-- EXERCISE --
What is needed is an exact copy of the records below, minus any pictures.

RECORDS SHOWN below:

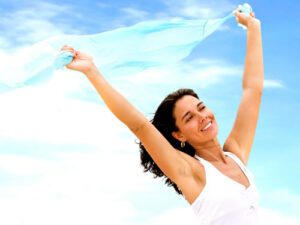 woman happily runs outside holding a scarf over her head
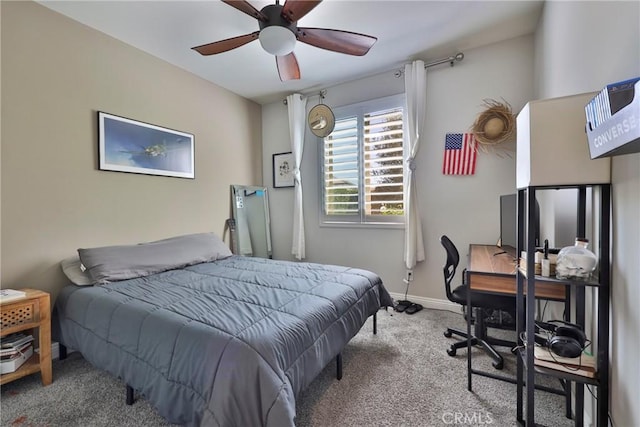 bedroom featuring baseboards, a ceiling fan, and carpet flooring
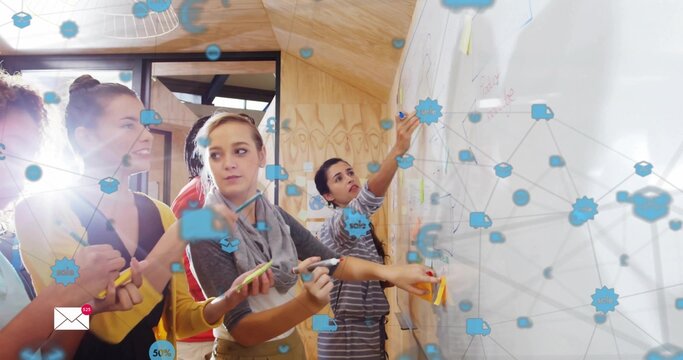 Designing team wearing casual attire placing sticky notes on whiteboard in studio with blue overlay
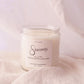 Candle labeled 'Sincerely' on a soft pink background
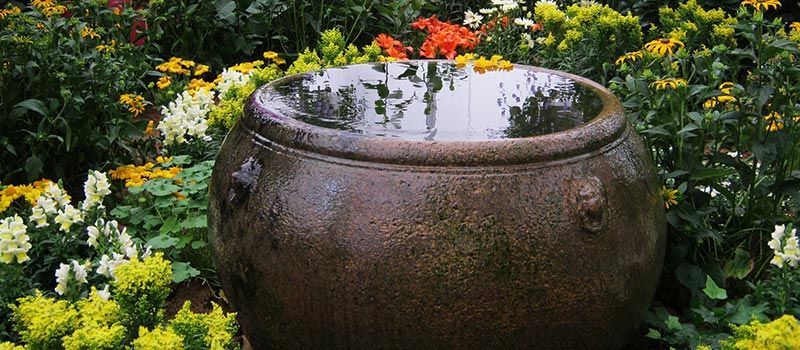 Fontaine ronde en pierre dans un jardin fleuri aux fleurs jaunes, blanches et orange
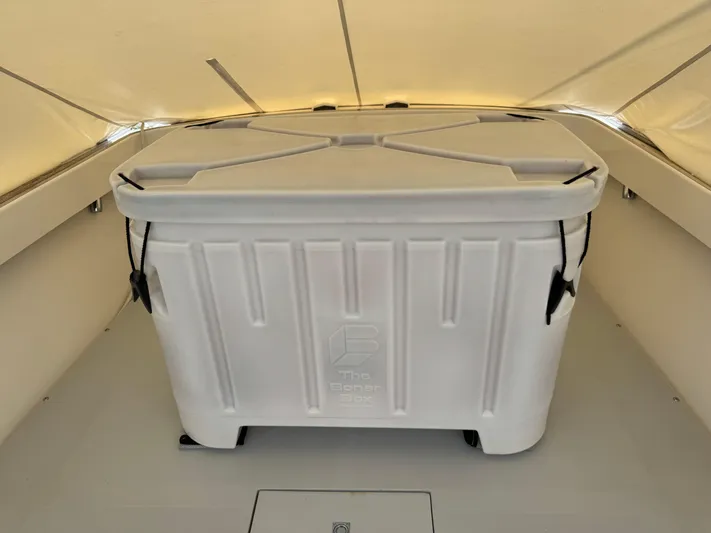 Wrecking Crew Yacht Photos Pics White cooler box inside a 2006 Fortier 26 boat cabin.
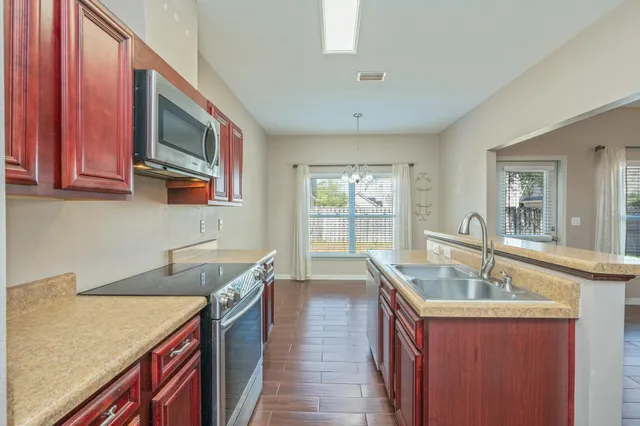 a kitchen with a sink stove and cabinets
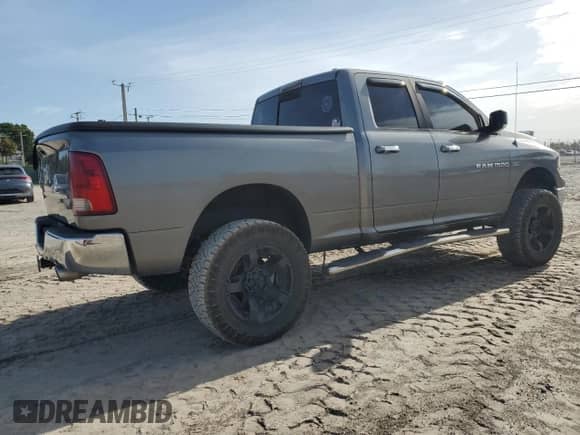 2011 Ram 1500 Big Horn with VIN 1D7RB1GT6BS515329, listed as a Copart auction lot 69392895 with 165,902 mi miles and Salvage title. Bid and sale history available at DreamBid. Image 3.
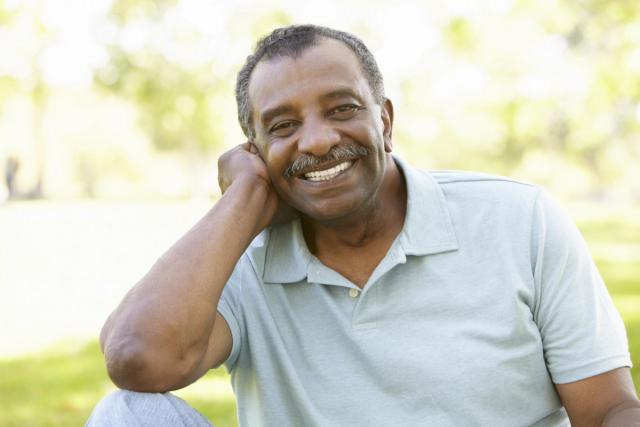 a man with a mustache is smiling with his hand on his chin .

End of RECORDS SHOWN.

-- RESPONSE FOR THIS EXERCISE --
 woman happily runs outside holding a scarf over her head
 bedroom featuring baseboards, a ceiling fan, and carpet flooring
 Designing team wearing casual attire placing sticky notes on whiteboard in studio with blue overlay
 Candle labeled 'Sincerely' on a soft pink background
 Fontaine ronde en pierre dans un jardin fleuri aux fleurs jaunes, blanches et orange
 Wrecking Crew Yacht Photos Pics White cooler box inside a 2006 Fortier 26 boat cabin.
 a kitchen with a sink stove and cabinets
 2011 Ram 1500 Big Horn with VIN 1D7RB1GT6BS515329, listed as a Copart auction lot 69392895 with 165,902 mi miles and Salvage title. Bid and sale history available at DreamBid. Image 3.
 a man with a mustache is smiling with his hand on his chin .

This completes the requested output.